Sin que falte ninguna

Alberto Ordóñez Ortiz

A simple vista son invisibles. Para verlos se requiere de microscopios. Si a su tamaño nos referimos, podríamos decir que son poco menos que insignificantes. Pero, están allí, desafiantes, listos para irse en contra de nuestra especie, misión para la que les habría armado la naturaleza. Sin embargo, su presencia ha determinado que inclusive las principales metrópolis de nuestro “ancho y ajeno mundo”, sean ahora ciudades fantasmales, invadidas hoy por distintos animales, entre los que la implacable belleza de los venados, cobra especial relevancia. Se podría afirmar que han vuelto los desplazados a sus lugares de origen. Las puertas y las ventanas permanecen cerradas a cal y canto, marcadas por la negra cruz de un terror inocultable.

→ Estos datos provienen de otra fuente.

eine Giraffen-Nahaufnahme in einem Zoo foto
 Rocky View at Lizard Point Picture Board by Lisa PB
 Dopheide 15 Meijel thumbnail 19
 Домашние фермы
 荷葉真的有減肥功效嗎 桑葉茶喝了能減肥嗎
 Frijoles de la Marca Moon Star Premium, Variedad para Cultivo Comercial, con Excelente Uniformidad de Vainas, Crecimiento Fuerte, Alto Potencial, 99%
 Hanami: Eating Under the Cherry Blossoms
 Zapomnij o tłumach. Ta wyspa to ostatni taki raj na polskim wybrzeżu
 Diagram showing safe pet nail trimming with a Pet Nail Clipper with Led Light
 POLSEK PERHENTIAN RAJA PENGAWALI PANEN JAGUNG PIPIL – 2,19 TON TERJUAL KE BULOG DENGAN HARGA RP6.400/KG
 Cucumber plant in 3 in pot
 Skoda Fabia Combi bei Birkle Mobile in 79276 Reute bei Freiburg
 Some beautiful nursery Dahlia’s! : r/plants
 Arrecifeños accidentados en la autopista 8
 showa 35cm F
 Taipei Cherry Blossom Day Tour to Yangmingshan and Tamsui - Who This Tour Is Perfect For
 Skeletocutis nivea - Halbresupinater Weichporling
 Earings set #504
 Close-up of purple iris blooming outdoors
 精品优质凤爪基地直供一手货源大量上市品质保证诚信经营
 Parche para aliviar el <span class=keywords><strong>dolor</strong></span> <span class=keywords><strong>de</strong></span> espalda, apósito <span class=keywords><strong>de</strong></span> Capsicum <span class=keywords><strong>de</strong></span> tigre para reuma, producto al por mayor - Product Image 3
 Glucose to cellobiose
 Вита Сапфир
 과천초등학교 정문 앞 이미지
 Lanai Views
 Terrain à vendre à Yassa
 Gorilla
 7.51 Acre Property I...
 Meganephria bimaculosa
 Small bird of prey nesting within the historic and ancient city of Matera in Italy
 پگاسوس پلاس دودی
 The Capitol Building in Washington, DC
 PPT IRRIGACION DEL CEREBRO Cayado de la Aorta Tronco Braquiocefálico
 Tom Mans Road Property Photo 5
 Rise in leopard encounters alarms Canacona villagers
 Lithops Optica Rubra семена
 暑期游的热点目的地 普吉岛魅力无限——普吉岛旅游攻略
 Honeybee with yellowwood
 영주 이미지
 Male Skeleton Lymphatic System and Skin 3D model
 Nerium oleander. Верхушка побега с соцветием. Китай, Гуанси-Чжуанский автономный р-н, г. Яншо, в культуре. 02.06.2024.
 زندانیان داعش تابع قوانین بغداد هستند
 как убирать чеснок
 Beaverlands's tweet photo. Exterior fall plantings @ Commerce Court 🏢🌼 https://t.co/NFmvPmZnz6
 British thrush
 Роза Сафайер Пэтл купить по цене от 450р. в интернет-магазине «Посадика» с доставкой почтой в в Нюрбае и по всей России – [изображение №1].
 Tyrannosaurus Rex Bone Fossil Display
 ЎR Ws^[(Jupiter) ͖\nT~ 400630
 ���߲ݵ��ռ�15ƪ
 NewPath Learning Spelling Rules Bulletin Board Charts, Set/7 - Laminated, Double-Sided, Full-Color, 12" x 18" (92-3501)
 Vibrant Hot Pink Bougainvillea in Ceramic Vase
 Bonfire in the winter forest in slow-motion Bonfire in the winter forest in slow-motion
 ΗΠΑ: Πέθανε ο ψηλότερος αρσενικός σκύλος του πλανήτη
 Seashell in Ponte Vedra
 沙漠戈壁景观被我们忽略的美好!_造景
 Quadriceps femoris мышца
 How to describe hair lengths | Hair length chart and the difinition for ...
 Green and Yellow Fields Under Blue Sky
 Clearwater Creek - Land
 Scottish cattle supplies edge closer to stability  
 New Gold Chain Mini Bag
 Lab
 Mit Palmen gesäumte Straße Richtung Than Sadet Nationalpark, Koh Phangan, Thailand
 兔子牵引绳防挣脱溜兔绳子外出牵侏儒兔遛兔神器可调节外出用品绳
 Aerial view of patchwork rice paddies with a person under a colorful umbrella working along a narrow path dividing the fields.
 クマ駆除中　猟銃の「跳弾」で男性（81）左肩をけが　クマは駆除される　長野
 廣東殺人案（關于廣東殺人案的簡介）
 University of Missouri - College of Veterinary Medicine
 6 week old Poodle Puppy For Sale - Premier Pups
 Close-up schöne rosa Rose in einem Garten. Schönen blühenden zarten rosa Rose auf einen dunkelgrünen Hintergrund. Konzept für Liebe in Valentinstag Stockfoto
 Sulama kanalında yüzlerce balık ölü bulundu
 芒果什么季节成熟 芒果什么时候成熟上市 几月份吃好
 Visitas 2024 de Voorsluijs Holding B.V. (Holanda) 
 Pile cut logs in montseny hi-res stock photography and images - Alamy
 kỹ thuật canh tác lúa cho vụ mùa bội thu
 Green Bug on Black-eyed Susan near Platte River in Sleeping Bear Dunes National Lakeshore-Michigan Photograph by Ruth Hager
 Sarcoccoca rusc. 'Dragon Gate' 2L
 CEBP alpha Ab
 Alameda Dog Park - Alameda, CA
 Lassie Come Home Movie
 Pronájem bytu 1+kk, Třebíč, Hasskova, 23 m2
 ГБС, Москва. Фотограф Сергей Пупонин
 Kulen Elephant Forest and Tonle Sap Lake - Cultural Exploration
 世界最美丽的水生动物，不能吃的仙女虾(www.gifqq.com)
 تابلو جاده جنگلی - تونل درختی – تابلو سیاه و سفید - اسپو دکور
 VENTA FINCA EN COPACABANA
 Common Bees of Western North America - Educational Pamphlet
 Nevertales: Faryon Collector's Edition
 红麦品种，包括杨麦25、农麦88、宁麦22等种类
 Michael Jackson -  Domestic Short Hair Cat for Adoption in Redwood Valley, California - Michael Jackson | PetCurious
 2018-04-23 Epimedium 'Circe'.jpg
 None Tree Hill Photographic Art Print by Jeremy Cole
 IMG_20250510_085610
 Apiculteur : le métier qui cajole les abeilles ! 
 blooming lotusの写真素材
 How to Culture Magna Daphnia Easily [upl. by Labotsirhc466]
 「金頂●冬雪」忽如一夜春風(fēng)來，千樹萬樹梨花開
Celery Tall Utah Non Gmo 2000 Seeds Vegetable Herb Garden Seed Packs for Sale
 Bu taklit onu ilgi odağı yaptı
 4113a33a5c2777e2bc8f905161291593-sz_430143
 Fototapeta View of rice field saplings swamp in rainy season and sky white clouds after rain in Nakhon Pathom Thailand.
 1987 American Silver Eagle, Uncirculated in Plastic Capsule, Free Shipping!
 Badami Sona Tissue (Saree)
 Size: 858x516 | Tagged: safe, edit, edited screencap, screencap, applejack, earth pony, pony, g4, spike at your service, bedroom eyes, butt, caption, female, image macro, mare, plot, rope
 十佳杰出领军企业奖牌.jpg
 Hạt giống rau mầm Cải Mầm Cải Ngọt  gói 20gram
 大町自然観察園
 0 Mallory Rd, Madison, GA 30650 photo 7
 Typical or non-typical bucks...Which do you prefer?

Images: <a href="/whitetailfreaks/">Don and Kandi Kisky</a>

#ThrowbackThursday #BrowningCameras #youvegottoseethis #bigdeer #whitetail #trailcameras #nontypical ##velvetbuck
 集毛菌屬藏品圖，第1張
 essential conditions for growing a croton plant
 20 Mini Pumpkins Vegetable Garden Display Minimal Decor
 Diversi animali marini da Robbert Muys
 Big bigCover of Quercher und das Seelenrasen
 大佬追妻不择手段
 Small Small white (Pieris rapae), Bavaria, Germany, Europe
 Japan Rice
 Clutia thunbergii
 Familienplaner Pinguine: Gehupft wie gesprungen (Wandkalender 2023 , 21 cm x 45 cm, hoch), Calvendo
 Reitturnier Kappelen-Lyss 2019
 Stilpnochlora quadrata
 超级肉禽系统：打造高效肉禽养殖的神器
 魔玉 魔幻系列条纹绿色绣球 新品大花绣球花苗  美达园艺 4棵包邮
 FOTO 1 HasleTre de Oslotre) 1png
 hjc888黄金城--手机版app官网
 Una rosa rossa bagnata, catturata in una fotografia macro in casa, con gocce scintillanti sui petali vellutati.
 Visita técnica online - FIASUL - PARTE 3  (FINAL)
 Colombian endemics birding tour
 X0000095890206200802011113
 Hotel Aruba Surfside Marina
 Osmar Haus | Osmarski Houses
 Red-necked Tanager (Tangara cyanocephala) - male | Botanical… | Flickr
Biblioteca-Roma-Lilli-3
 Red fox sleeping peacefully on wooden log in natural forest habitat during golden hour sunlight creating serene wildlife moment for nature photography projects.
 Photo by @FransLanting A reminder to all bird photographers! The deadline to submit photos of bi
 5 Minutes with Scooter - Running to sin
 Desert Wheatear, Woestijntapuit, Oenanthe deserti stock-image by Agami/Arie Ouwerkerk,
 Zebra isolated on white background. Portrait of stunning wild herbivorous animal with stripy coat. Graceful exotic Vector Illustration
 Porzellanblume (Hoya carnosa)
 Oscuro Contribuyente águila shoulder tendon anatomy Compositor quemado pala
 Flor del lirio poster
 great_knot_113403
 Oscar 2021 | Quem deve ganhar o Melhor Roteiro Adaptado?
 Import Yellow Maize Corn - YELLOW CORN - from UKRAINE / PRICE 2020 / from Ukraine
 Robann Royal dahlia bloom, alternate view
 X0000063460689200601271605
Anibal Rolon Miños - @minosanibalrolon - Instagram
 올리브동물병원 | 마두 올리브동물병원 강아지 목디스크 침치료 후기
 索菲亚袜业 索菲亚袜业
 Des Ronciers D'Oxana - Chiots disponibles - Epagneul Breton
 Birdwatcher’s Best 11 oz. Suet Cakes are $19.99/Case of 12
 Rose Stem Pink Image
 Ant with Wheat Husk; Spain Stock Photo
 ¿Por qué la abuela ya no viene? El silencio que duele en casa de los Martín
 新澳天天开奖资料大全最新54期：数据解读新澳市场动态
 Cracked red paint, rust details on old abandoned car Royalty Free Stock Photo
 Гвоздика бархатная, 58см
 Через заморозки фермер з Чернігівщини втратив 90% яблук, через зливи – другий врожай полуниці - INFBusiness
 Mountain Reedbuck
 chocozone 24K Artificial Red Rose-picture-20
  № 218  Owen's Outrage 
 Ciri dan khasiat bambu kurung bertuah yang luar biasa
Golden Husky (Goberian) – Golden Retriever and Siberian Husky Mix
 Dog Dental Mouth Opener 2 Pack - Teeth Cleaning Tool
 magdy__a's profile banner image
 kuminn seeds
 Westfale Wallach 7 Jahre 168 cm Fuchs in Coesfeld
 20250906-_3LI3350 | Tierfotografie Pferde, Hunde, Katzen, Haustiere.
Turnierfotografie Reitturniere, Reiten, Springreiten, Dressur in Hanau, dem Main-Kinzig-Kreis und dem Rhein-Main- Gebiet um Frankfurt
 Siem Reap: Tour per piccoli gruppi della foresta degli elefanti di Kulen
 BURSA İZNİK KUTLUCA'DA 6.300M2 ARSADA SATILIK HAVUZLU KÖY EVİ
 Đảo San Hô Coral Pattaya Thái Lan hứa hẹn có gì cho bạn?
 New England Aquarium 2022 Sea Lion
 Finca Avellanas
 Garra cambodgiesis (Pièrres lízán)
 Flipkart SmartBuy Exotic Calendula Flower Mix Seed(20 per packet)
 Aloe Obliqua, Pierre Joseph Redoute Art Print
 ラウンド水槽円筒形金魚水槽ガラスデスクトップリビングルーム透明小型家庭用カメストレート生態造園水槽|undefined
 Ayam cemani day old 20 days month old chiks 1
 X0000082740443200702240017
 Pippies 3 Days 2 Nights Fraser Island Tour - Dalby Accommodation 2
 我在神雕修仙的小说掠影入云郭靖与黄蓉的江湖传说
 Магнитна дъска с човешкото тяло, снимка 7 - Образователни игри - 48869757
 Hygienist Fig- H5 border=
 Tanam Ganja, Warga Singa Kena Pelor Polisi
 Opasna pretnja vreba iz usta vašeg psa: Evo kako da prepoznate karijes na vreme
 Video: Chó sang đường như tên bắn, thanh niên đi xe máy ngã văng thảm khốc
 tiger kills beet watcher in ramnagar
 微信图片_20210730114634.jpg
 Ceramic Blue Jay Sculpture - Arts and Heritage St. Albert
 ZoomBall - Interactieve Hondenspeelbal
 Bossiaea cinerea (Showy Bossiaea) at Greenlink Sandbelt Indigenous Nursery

Los virus, según información científica de última data, tendrían una existencia de 3 mil millones de años. En tanto que el Homo Sapiens, -nuestro más remoto ancestro- alcanzaría según reciente revelación de un equipo científico del Instituto Max Planck, una antigüedad -aunque haya piezas misteriosas sin resolver- que va de los 300.000 a los 350.000 años. Vale decir, una diferencia colosal. Una diferencia que supera el asombro y se instala en ese umbral en que todo es abismo. Su entrecruzamiento en distintas épocas ha causado millones de muertos. Detrás del misterioso velo de la existencia humana está la conciencia, y con ella, la capacidad de entender, descubrir y redescubrir el mundo, sin embargo frente a los virus, su impotencia es descomunal.

El coronavirus, tiene la provocativa forma de una corona. Se podría decir que pertenece a la realeza de los virus. Entre tanto, a lo largo y ancho del mundo, hay un silencio enorme. Uno que por su tamaño es un estrépito nunca antes registrado. Un silencio que habla en todos los idiomas y dice todas las palabras, sin que falte ninguna. (O)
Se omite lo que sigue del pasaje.